## Your assignment
I need the lines below from the one with "Biểu tượng tùy" down to the one with "Xử lý bề mặt máng cáp" reproduced exactly, both ends included, and nothing else.

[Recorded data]

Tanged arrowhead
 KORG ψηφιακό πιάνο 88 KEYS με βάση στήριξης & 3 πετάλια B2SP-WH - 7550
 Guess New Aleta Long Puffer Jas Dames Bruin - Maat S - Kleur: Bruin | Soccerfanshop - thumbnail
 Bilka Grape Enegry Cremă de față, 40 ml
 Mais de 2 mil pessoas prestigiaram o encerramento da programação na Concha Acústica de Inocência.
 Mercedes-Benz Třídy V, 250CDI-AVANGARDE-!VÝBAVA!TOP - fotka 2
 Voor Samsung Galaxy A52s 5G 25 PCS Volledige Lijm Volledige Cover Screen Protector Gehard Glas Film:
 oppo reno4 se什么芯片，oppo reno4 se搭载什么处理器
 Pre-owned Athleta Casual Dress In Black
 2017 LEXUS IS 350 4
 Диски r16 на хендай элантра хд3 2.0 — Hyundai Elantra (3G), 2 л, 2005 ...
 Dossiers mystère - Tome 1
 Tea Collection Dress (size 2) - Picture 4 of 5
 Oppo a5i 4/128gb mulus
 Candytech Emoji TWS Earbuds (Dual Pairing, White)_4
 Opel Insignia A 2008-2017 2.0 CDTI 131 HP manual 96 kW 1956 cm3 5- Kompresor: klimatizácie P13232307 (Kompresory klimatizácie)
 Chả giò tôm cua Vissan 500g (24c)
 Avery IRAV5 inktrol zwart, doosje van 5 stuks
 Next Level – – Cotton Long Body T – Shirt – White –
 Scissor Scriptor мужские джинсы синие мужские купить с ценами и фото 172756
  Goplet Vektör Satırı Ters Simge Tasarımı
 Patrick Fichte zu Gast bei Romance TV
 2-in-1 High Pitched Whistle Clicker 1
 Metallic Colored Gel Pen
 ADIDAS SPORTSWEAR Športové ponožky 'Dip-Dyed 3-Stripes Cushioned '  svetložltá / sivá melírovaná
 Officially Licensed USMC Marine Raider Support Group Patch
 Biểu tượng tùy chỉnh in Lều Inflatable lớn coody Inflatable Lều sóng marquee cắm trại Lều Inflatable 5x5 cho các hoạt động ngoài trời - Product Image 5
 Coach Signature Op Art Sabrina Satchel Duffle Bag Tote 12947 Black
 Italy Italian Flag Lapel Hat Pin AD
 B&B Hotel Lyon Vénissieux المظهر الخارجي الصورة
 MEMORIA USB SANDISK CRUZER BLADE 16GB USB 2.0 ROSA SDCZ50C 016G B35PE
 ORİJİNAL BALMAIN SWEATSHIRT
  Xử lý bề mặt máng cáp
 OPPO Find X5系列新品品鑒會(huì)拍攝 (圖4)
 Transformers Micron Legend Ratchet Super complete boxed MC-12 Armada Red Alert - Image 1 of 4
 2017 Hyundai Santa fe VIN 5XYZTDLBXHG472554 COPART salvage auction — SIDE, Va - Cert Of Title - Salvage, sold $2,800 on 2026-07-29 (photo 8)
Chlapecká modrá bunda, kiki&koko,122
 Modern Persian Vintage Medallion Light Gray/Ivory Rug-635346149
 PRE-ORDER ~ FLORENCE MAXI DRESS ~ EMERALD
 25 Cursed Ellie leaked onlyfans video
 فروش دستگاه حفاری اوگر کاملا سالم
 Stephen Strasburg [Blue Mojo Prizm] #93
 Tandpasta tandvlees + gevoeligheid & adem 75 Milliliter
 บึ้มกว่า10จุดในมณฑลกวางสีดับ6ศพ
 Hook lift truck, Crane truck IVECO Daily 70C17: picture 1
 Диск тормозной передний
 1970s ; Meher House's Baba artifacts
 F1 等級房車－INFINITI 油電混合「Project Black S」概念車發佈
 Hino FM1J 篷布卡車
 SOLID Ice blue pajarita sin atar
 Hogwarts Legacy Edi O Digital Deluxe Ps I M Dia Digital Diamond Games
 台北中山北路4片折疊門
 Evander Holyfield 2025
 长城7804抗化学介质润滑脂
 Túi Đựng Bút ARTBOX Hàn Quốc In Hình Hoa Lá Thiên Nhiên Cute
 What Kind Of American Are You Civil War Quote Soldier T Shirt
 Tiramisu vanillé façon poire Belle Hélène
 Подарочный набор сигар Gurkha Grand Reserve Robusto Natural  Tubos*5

## Your response
 Biểu tượng tùy chỉnh in Lều Inflatable lớn coody Inflatable Lều sóng marquee cắm trại Lều Inflatable 5x5 cho các hoạt động ngoài trời - Product Image 5
 Coach Signature Op Art Sabrina Satchel Duffle Bag Tote 12947 Black
 Italy Italian Flag Lapel Hat Pin AD
 B&B Hotel Lyon Vénissieux المظهر الخارجي الصورة
 MEMORIA USB SANDISK CRUZER BLADE 16GB USB 2.0 ROSA SDCZ50C 016G B35PE
 ORİJİNAL BALMAIN SWEATSHIRT
  Xử lý bề mặt máng cáp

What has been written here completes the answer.